For this listing, the lines between the one holding "40+ whitecollar crime" and the one holding "Dog Grooming Market", inclusive, must be set down exactly.

GIVEN DATA:

--- START ---

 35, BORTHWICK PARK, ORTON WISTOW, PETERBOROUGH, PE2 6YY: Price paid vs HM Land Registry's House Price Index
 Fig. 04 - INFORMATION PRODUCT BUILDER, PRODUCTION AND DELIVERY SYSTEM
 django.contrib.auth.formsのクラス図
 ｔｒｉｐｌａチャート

--- END ---
--- START ---

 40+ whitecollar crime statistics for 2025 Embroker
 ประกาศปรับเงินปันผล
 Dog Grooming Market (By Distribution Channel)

--- END ---

OUTPUT FOR THIS EXERCISE:
 40+ whitecollar crime statistics for 2025 Embroker
 ประกาศปรับเงินปันผล
 Dog Grooming Market (By Distribution Channel)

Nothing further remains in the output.